Management of venous ulcer disease
EDITOR- The clinical review of Management of venous ulcer disease by
van Gent et al is comprenhensive and clear, although some aspects deserve
comment(1). We agree that venous hypertension is the underlying cause of
venous ulceration. The authors postulate that compression is the mainstay
of treatment, although surgery can help to promote healing. Compression
therapy is associated with a protracted course of healing and multiple
recurrences, while subfascial endoscopic perforator vein surgery reduces
recurrence. They affirm that there are no data on ultrasound guided foam
sclerotherapy efficacy in treating venous ulceration.
We have recently published a study of 116 patients with chronic
venous ulcers treated with ultrasound-guided injection of polidocanol
microfoam (UIPM)(2). To reduce venous hypertension UIPM was used to
selectively sclerose sources of incompetence. At 6-months?follow-up,
treatment with UIPM achieved complete healing in 83% of patients with
median time to healing of 2.7 months. In comparison with the patients
treated with allogeneic cultured human skin equivalent of a previously
reported series,(3) we obtained a highly significant advantage for our
overall results (X2 test, P<.001). Recent studies have reported similar
healing rates with the use of foam sclerotherapy in smaller series(4).
Skin closure rapidly occurs when venous hypertension is decreased.
The ablation of superficial and perforator vein incompetence provides
clinical and hemodynamic improvement in patients with chronic venous
ulcers. Subfascial endoscopic perforator surgery has become the surgical
technique of choice for perforator ablation, although this approach cannot
be adopted in all cases. Small interconnected collaterals between the
perforators and the skin frequently convey the venous hypertension to the
skin area, and surgical procedures are inherently unable to treat these
vessels. However UIPM is able to close these small interconnected
collateral veins (5).
UIPM of superficial and perforating incompetent veins is a well-tolerated
and effective outpatient procedure. This technique may become a first-line
treatment in the management of leg venous ulcers.

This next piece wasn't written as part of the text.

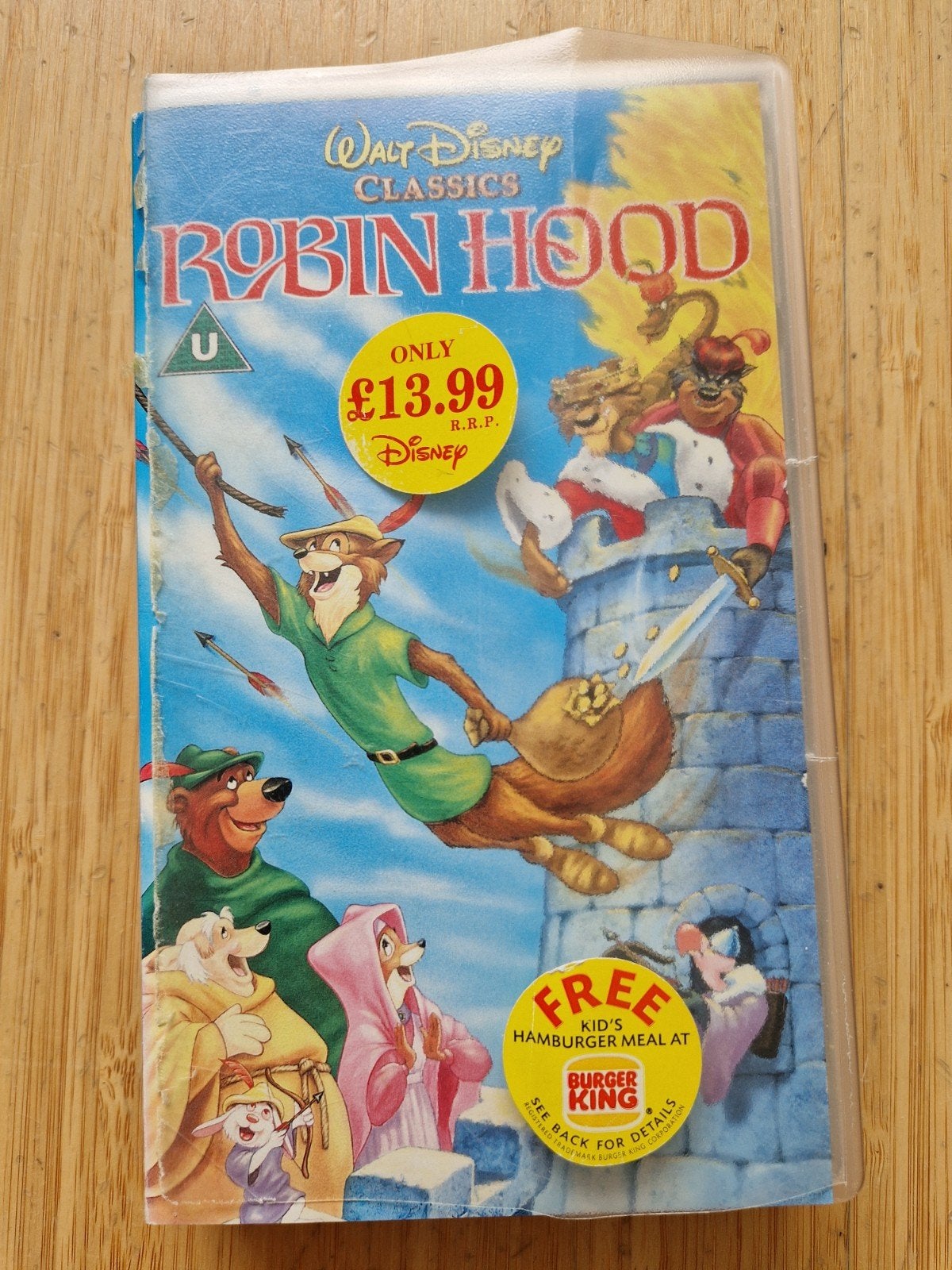 Walt Disney Classics: Robin Hood VHS, Alle leeftijden, Kinderfilm, Ophalen of Verzenden, VHS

Pedro Redondo, Dermatologist
Pedro Lloret, Dermatologist
Department of Dermatology, University Clinic, Medical School, University
of Navarra, 31080 Pamplona, Spain.
Juan Cabrera, Vascular Surgeon
Vascular Surgery Clinic, Granada, Spain
1.- van Gent WB, Wilschut ED, Wittens C. Management of venous ulcer
disease BMJ 2010; 341: 1092-6.
2.- Cabrera J, Redondo P, Becerra A, et al. Ultrasound-guided
injection of polidocanol microfoam in the management of venous leg ulcers.

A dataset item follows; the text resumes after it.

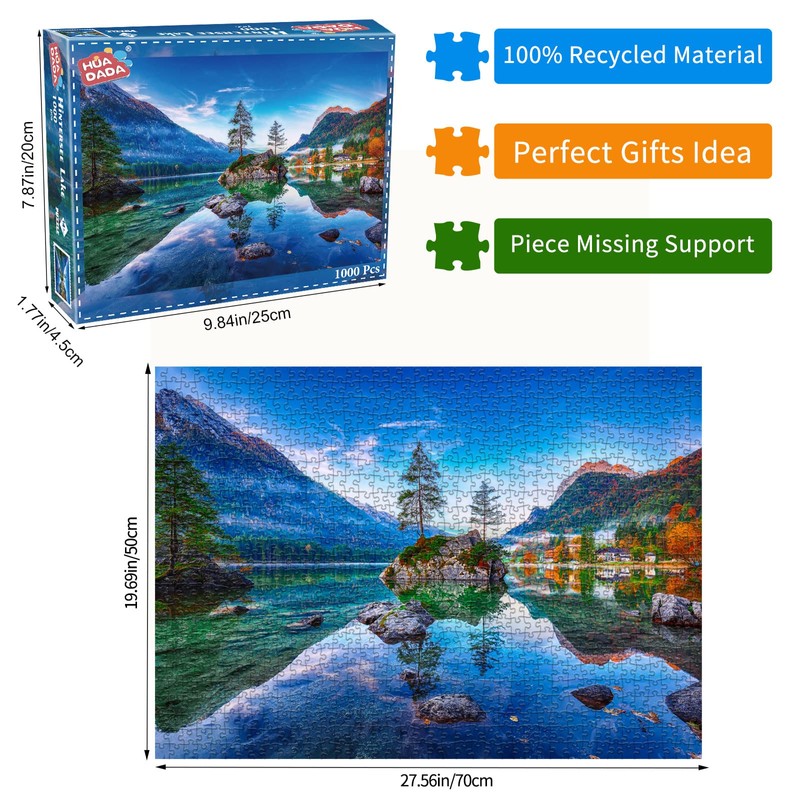 Hintersee Lake Jigsaw Puzzles for Adults 1000 Pieces Germany Landscape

Arch Dermatol 2004; 140: 667-73.
3.- Falanga V, Margolis D, Alvarez O, et al, and the Human Skin
Equivalent Investigators Group. Rapid healing of venous ulcers and lack of
clinical rejection with an allogeneic cultured human skin equivalent. Arch
Dermatol 1998; 134: 293-300.
4.- Darvall KA, Bate GR, Adam DJ, Silcerman SH, Bradbury AW.
Ultrasound-guided foam sclerotherapy for the treatment of chronic venous
ulceration: a preliminary study. Eur J Vasc Surg 2009;38:764-9.

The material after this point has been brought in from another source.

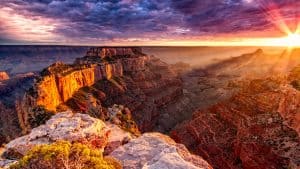 Het weer in Grand Canyon National Park, Arizona in november 2018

5.- Cheng UL, Shortell CK, Bergan JJ. Foam treatment of venous leg
ulcers: a continuining experience. In: Venous ulcers (Bergan JJ et
Shortell CK eds). Burlington, MA, USA: Elsevier Inc. 2007; 227-242.
Competing interests: Dr J. Cabrera have a financial interest in the commercial development of the patented microfoam (BTG International Limited). Provensis Ltd, a subsidiary of BTG, has developed the patented microfoam concept into a pharmaceutical product, Varisolve, which is currently used in clinical trials in Europe and the United States.